**WORK ITEM**:
Every line below must come back exactly as it stands, with the images omitted.

**INFORMATION SHOWN**:
::::::::::

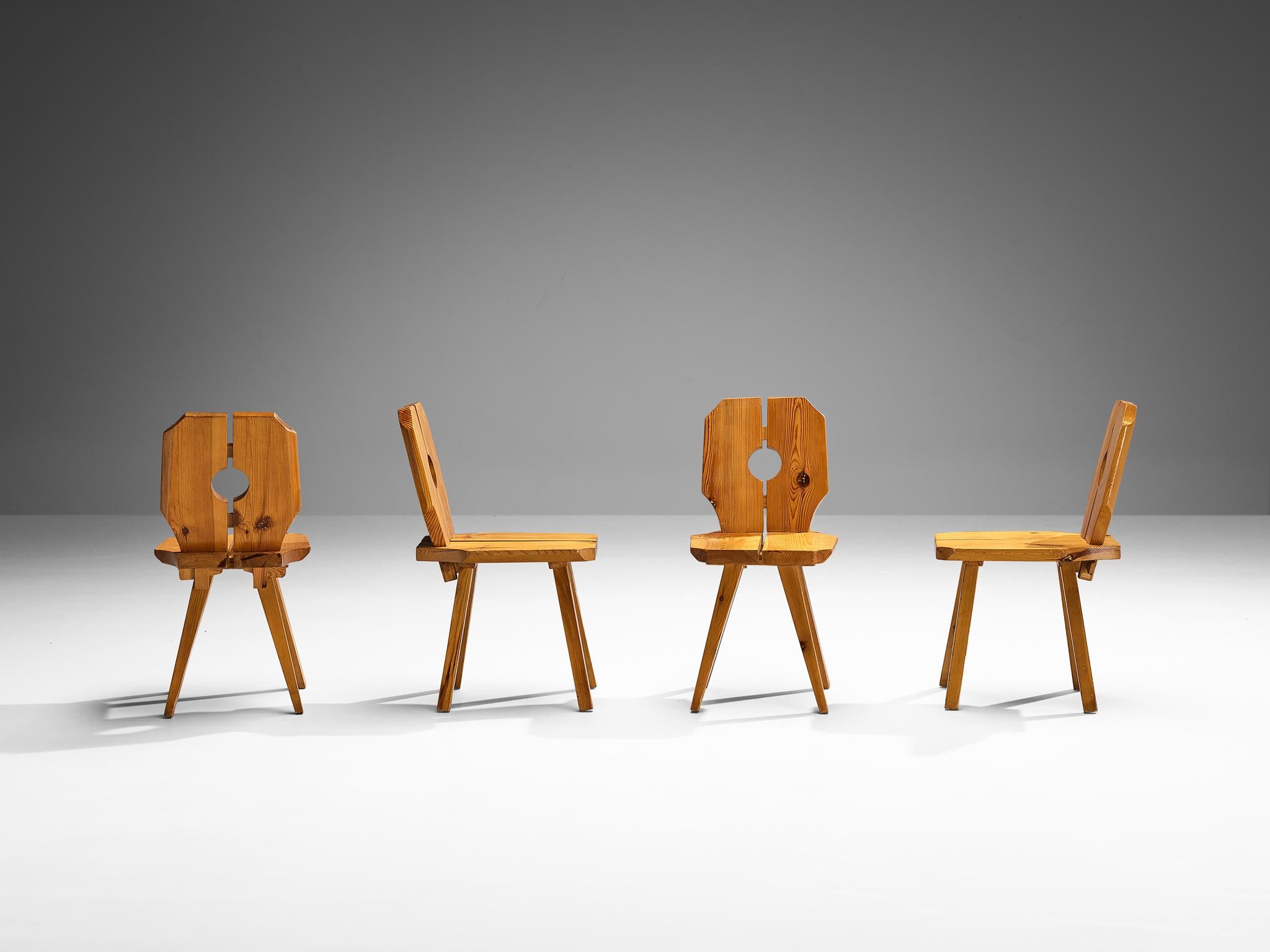 Ensemble de six chaises de salle à manger sculptées en pin massif  en vente 1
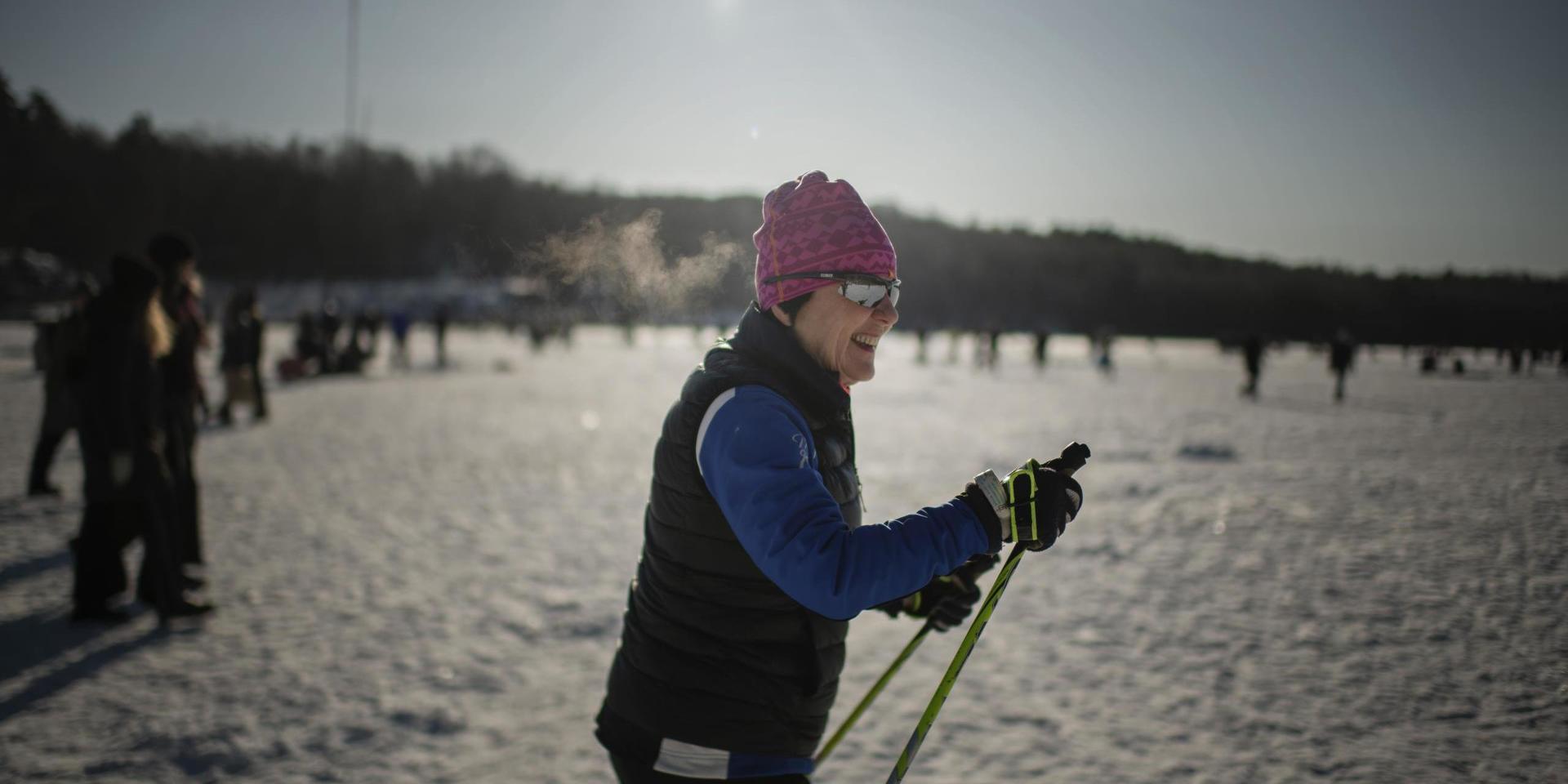Marianne Alexandersson åker skidor på Härlanda Tjärn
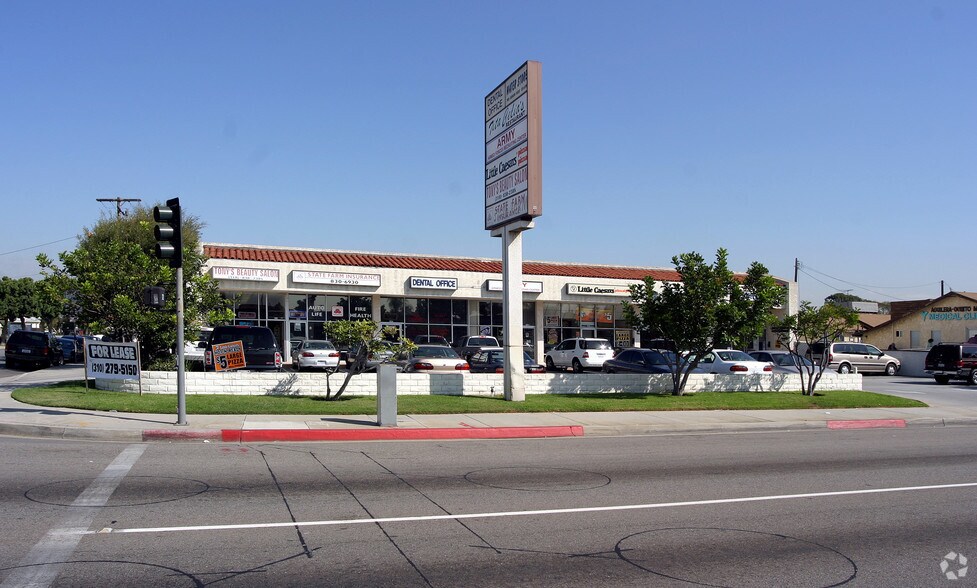 239-251 W Carson St, Carson, CA à louer - Photo du bâtiment - Image 2 de 14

::::::::::

**TASK SOLUTION**:
 Ensemble de six chaises de salle à manger sculptées en pin massif  en vente 1
Marianne Alexandersson åker skidor på Härlanda Tjärn
 239-251 W Carson St, Carson, CA à louer - Photo du bâtiment - Image 2 de 14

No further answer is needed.